To do:
What you write should match, word for word, the lines from the one containing "Cooler Box Es" through the end of the data, with no pictures.

Data shown:
>>>

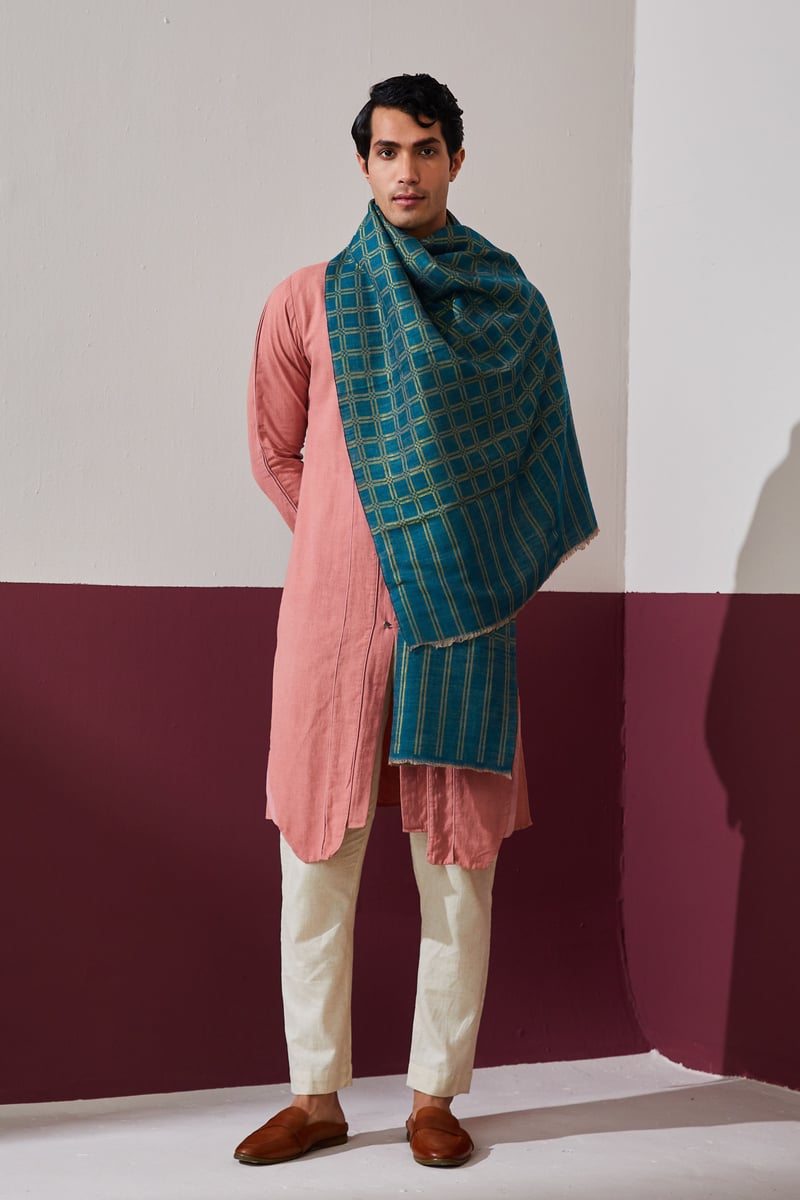 Zari Check Reversibles Pashmina Stole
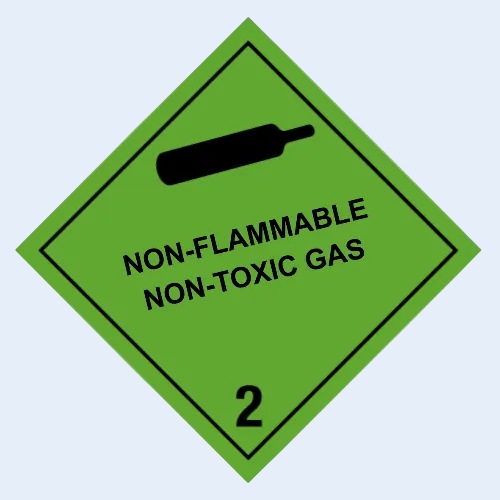 Class 2 | 2.2 Compressed gases| With text | "Non-Flammable, Non-Toxic Gas" | Self-adhesive for Dangerous Goods Tr | MYDG.SHOP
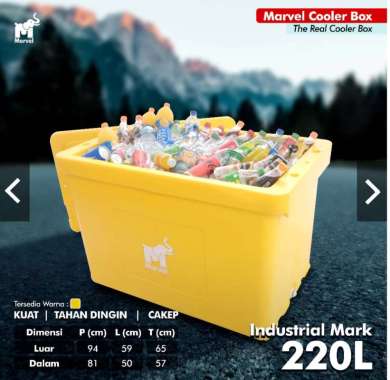 Cooler Box Es 220 Liter Marvel HRO-B220L Mirip Antartica Lion Star / Cool Box Makanan Minuman Es Bat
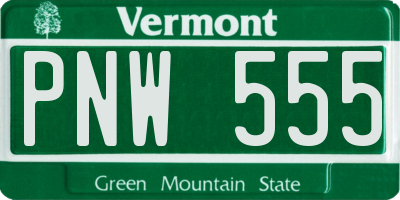 VT license plate PNW555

<<<

Written answer:
 Cooler Box Es 220 Liter Marvel HRO-B220L Mirip Antartica Lion Star / Cool Box Makanan Minuman Es Bat
 VT license plate PNW555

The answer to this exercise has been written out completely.